▼
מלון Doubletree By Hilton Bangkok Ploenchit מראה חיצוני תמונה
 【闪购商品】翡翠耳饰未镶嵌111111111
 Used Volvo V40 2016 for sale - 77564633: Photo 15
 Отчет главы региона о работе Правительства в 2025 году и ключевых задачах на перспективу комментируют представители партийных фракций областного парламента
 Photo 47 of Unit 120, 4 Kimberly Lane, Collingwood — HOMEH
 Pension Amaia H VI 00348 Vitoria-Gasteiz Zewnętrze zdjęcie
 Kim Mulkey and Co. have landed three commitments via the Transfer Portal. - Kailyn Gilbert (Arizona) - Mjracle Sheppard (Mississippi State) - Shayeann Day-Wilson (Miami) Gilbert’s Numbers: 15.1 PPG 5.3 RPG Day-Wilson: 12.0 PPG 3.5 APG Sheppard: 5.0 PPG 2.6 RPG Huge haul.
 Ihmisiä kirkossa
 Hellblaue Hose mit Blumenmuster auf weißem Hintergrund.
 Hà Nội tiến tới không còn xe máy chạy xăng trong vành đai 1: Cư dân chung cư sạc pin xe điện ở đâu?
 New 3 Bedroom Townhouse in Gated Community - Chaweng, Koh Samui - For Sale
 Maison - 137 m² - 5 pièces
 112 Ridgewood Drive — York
▲
Please copy, without any change, the lines of the material from the first through the one containing "New 3 Bedroom". Write nothing else.

מלון Doubletree By Hilton Bangkok Ploenchit מראה חיצוני תמונה
 【闪购商品】翡翠耳饰未镶嵌111111111
 Used Volvo V40 2016 for sale - 77564633: Photo 15
 Отчет главы региона о работе Правительства в 2025 году и ключевых задачах на перспективу комментируют представители партийных фракций областного парламента
 Photo 47 of Unit 120, 4 Kimberly Lane, Collingwood — HOMEH
 Pension Amaia H VI 00348 Vitoria-Gasteiz Zewnętrze zdjęcie
 Kim Mulkey and Co. have landed three commitments via the Transfer Portal. - Kailyn Gilbert (Arizona) - Mjracle Sheppard (Mississippi State) - Shayeann Day-Wilson (Miami) Gilbert’s Numbers: 15.1 PPG 5.3 RPG Day-Wilson: 12.0 PPG 3.5 APG Sheppard: 5.0 PPG 2.6 RPG Huge haul.
 Ihmisiä kirkossa
 Hellblaue Hose mit Blumenmuster auf weißem Hintergrund.
 Hà Nội tiến tới không còn xe máy chạy xăng trong vành đai 1: Cư dân chung cư sạc pin xe điện ở đâu?
 New 3 Bedroom Townhouse in Gated Community - Chaweng, Koh Samui - For Sale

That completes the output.